# I can't connect my PSP with the internet!



## Geek49 (Aug 4, 2006)

I am trying to connect my PSP to the internet with my router that can be used with direct connect or wireless.

When I try connecting my PSP, I get an error message. HELP!


----------



## Geek49 (Aug 4, 2006)

Help! No Reply In Like 5000 Years!


----------



## mikmabz (Jul 17, 2007)

Hi! What kind of error? When scanning for wireless signals does your psp detect your router?


----------



## Geek49 (Aug 4, 2006)

i get this error: The access point cannot be detected.


----------



## Geek49 (Aug 4, 2006)

I am trying to connect my PSP from Infrastructure Mode via the interbuttz (internet). Now, I use a wireless router/direct router with a direct modem, and it's a linksys router. What I did was, I turned on my PSP and WiFi switch on from the PSP, then went to Infrastructure Mode and then new connection, and hit SCAN, it came up with my linksys connection with 80% signal and no security, and so i selected that... then for my SSID, i renamed it to "default". For WLAN security setting, NONE. Address settings, EASY. Connection name, i named it home. then when i tested the connection, it said "The access point was not detected."


----------



## mikmabz (Jul 17, 2007)

Is it a WRT54G router? Did you upgrade the firmware? That's what happened to my router a month ago. My laptop and PSP can't detect the router's signal. Linksys told me to upgrade the firmware and to change the channel from 6 to 11 to avoid possible interferences from other appliances especially cordless phones. Chat with a linksys tech guy online and he'll walk you through the process.

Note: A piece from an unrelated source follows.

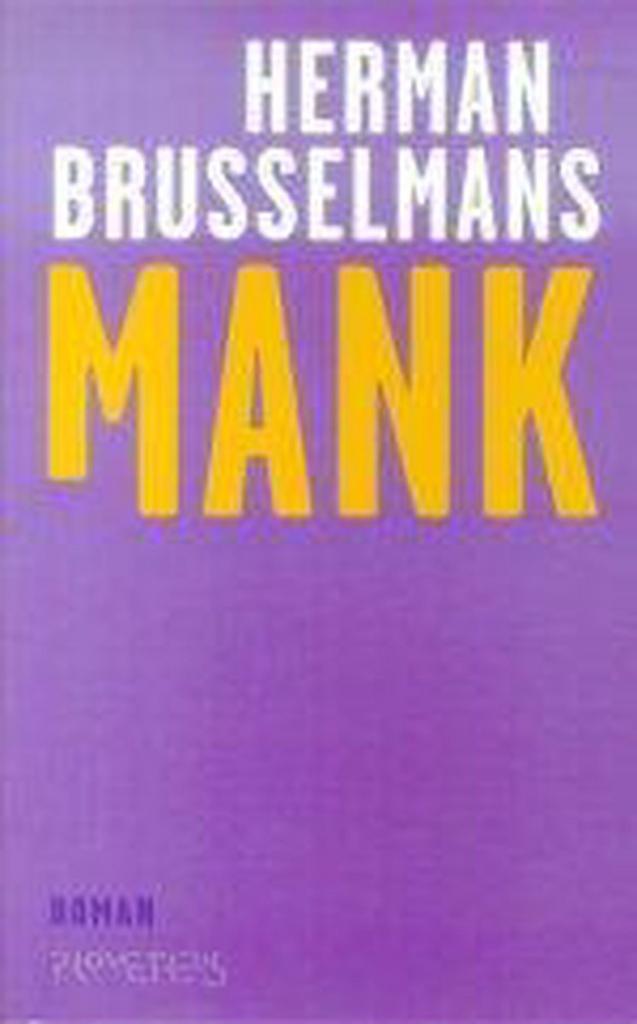 Mank 9789044602197 Herman Brusselmans, Boeken, Romans, Gelezen, Verzenden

That's what I did.


----------



## Geek49 (Aug 4, 2006)

Yes, it's a WRT54G. And no, I didn't upgrade the firmware. Where can I?


----------



## mikmabz (Jul 17, 2007)

Go to Linksys website. http://www.linksys.com/servlet/Satellite?c=L_CASupport_C1&childpagename=US%2FLayout&cid=1166859677881&pagename=Linksys%2FCommon%2FVisitorWrapper&lid=7788112521H10


----------



## Geek49 (Aug 4, 2006)

i did. i talked to the tech support LIVE, and they couldnt fix the problem. cuz my router isnt an access point. HELP


----------



## mikmabz (Jul 17, 2007)

What!? We have the same router (WRT54G). How come they fixed mine and not yours!? Did they tell you to upgrade the firmware? If so then you have to upgrade it and see if it works.


----------